_About this exercise_:
The result should hold only the lines from the one with "Apartamento à venda" through the final line of the data below, transcribed exactly, pictures left out.
(Records for processing Opens)
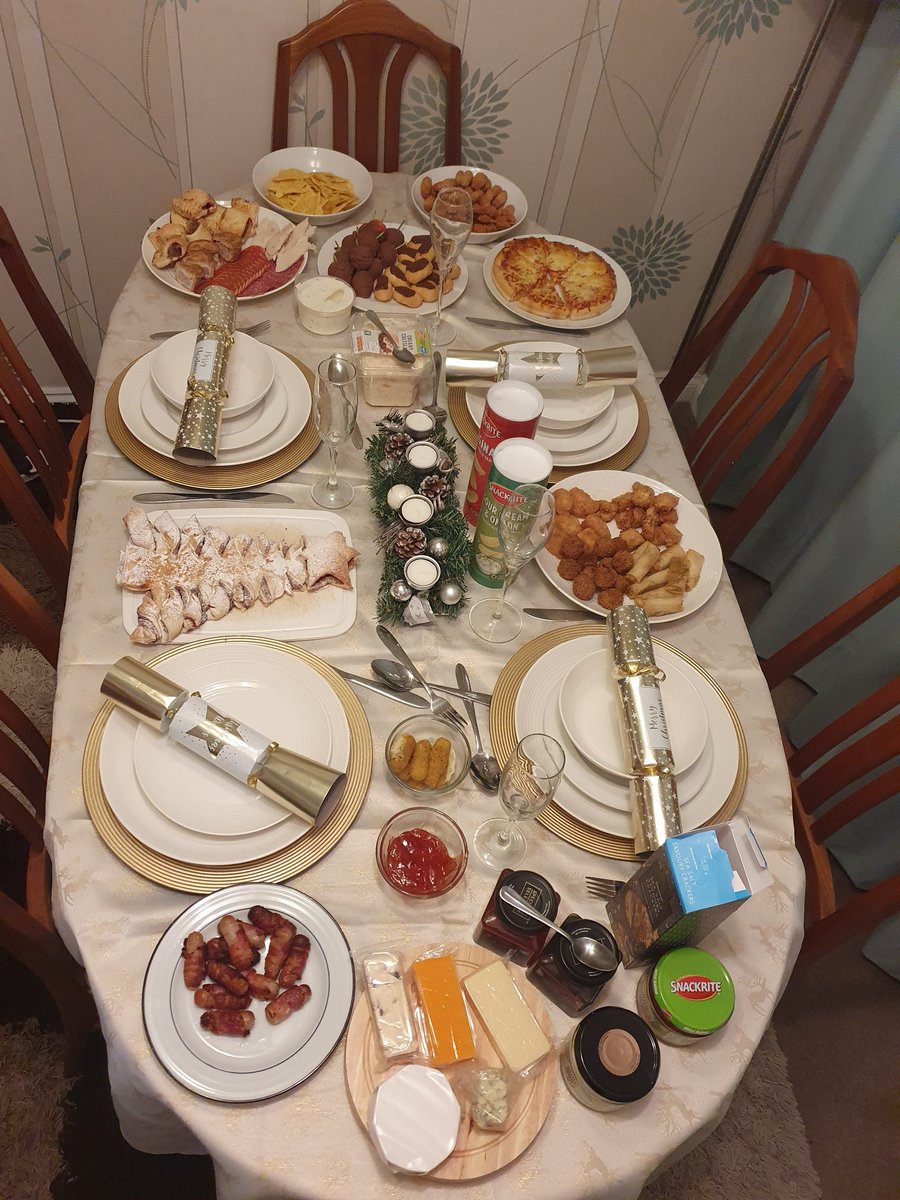 cjtate9's tweet photo. @jordannorth1 the ultimate Christmas eve picky tea i think you'll agree... 😁😆 pigs in blankets, homemade turkey and cranberry sausage rolls, home nutella christmas tree, fish bites, pizza, spring rolls, crisps, cheese, chocolate strawberries and SO much more!! https://t.co/jqrC8XAnyq
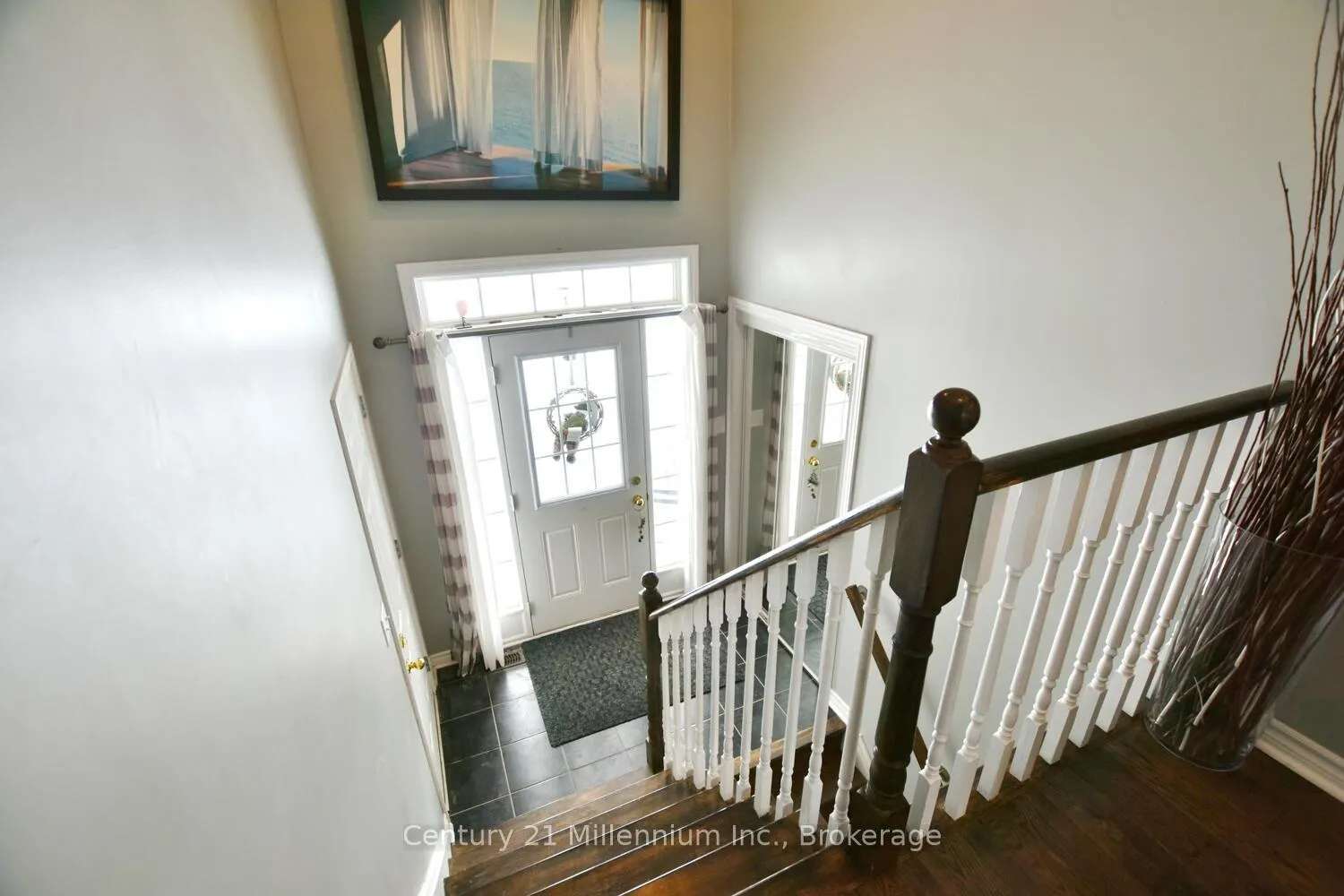 Photo 4 of 133 White Sands Way, Wasaga Beach — HOMEH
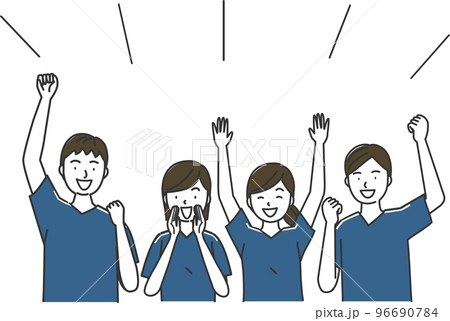 ユニフォームを着て応援をする男性2人と女性2人 96690784
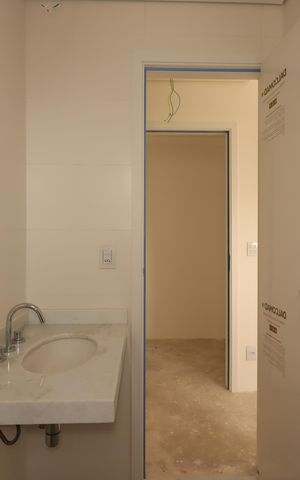 Apartamento à venda com 117m², 3 quartos e 2 vagasBanheiro da Suíte 2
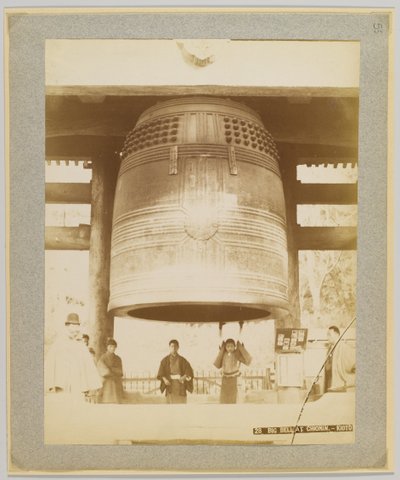 Big Bell v Chioninu, Kyoto, Japonsko (černobílá fotografie) od Japanese Photographer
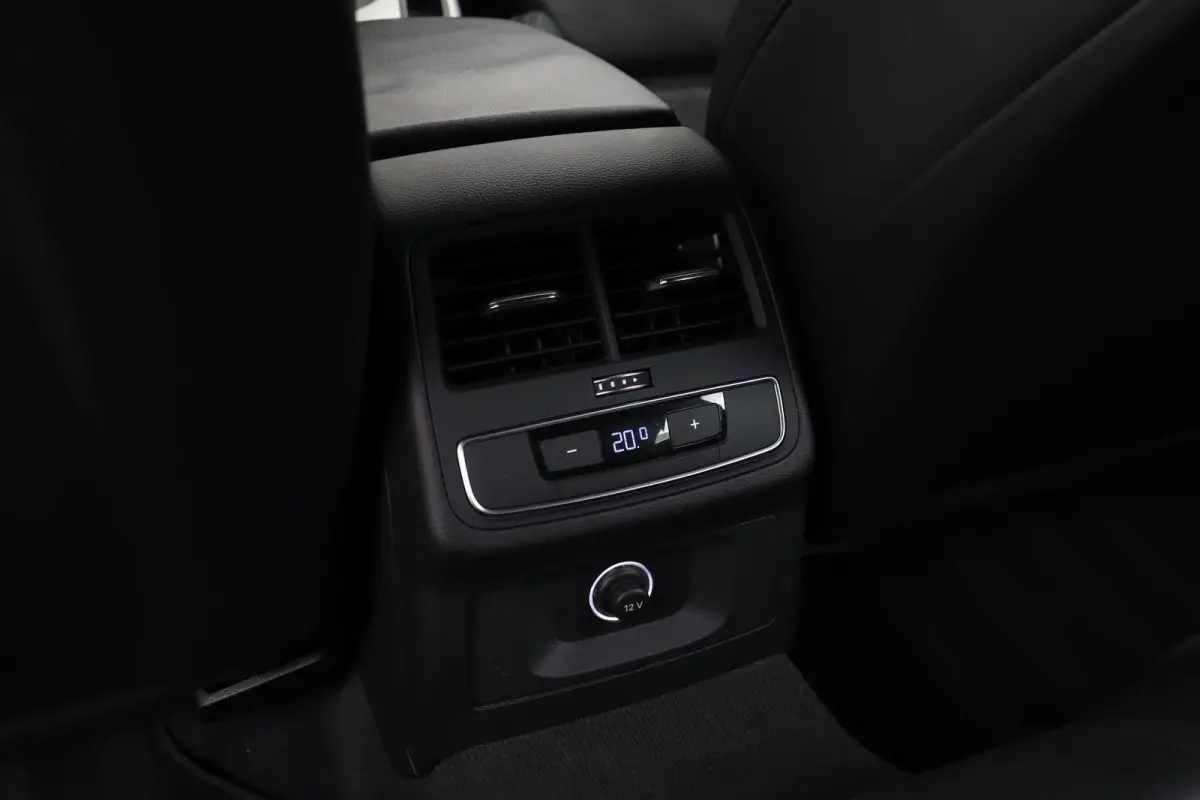 quattro 45 TFSI MHEV Pro Line Plus | Camera | Navigatie | Stoelverwarming | 3-Zone Clima | Elek. Stoelverstelling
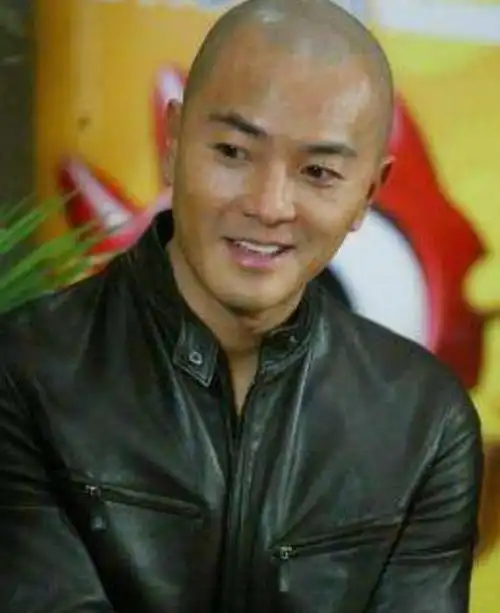 曾经的陈浩南,郑伊健发型永不变?短发,光头时期超级惊艳!_网易订阅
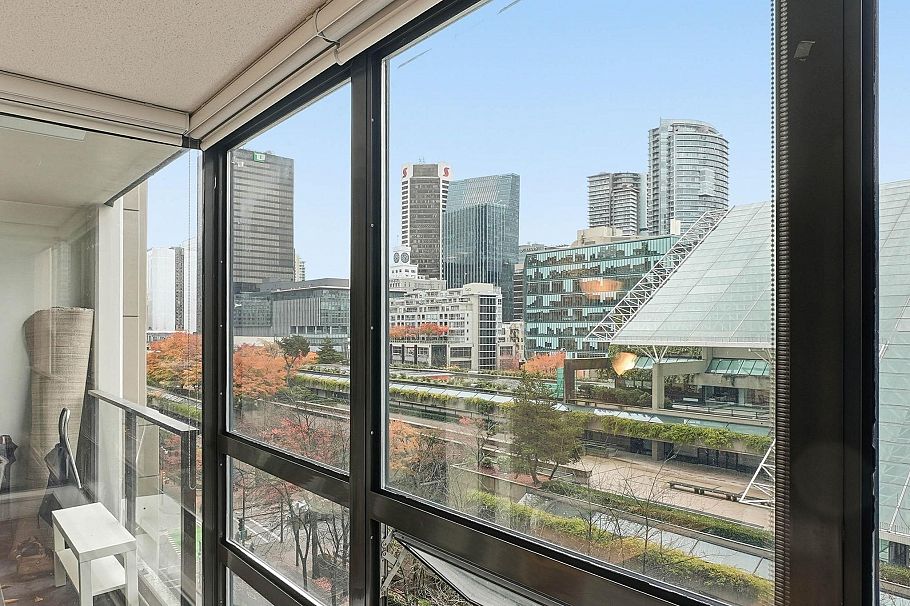 602 933 Hornby Street Vancouver, BC - 3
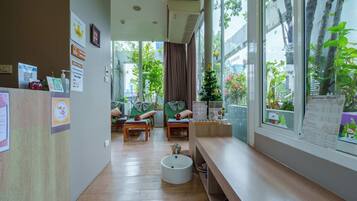 Aromatherapy, hot stone massages, deep-tissue massages, Thai massages
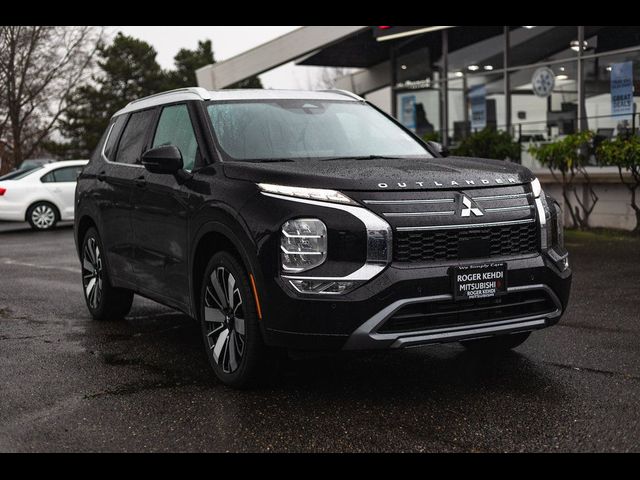 2025 Mitsubishi Outlander Platinum Edition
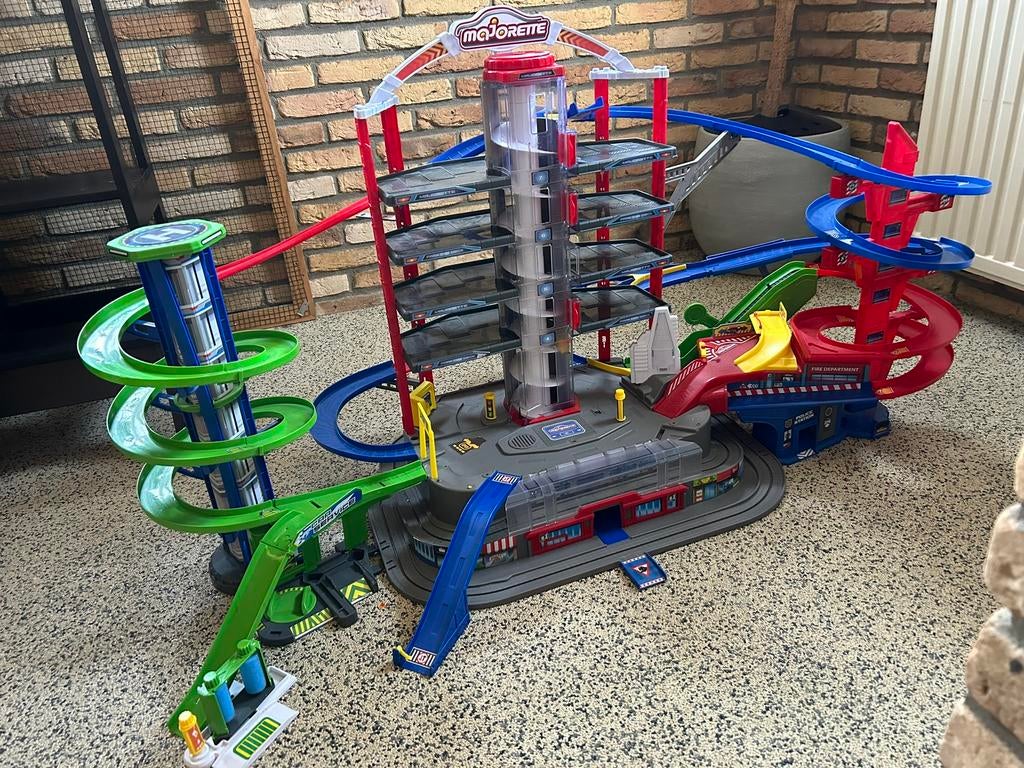 Majorette Super City garage, Kinderen en Baby's, Speelgoed | Racebanen, Ophalen, Zo goed als nieuw, Handmatig, Overige merken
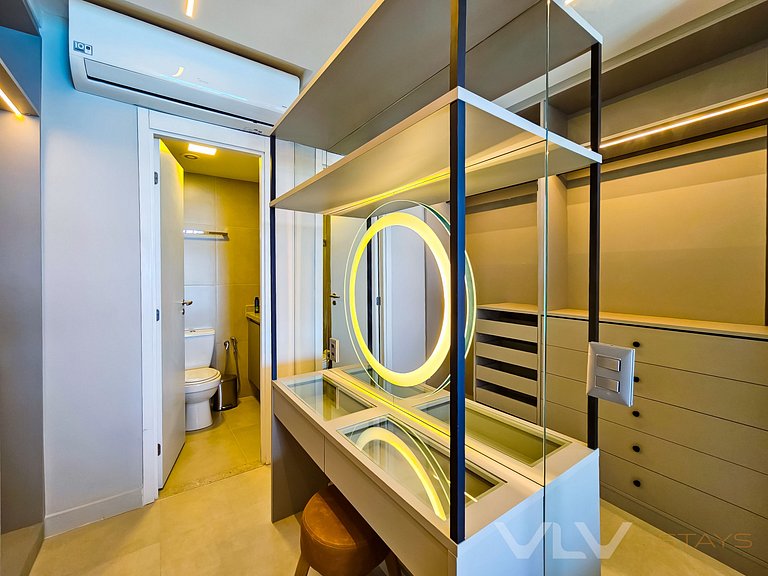 ART906 Perfect Beach Front by VLV Stays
(Records for processing Closes)
_Reply to the task_:
 Apartamento à venda com 117m², 3 quartos e 2 vagasBanheiro da Suíte 2
 Big Bell v Chioninu, Kyoto, Japonsko (černobílá fotografie) od Japanese Photographer
 quattro 45 TFSI MHEV Pro Line Plus | Camera | Navigatie | Stoelverwarming | 3-Zone Clima | Elek. Stoelverstelling
 曾经的陈浩南,郑伊健发型永不变?短发,光头时期超级惊艳!_网易订阅
 602 933 Hornby Street Vancouver, BC - 3
 Aromatherapy, hot stone massages, deep-tissue massages, Thai massages
 2025 Mitsubishi Outlander Platinum Edition
 Majorette Super City garage, Kinderen en Baby's, Speelgoed | Racebanen, Ophalen, Zo goed als nieuw, Handmatig, Overige merken
 ART906 Perfect Beach Front by VLV Stays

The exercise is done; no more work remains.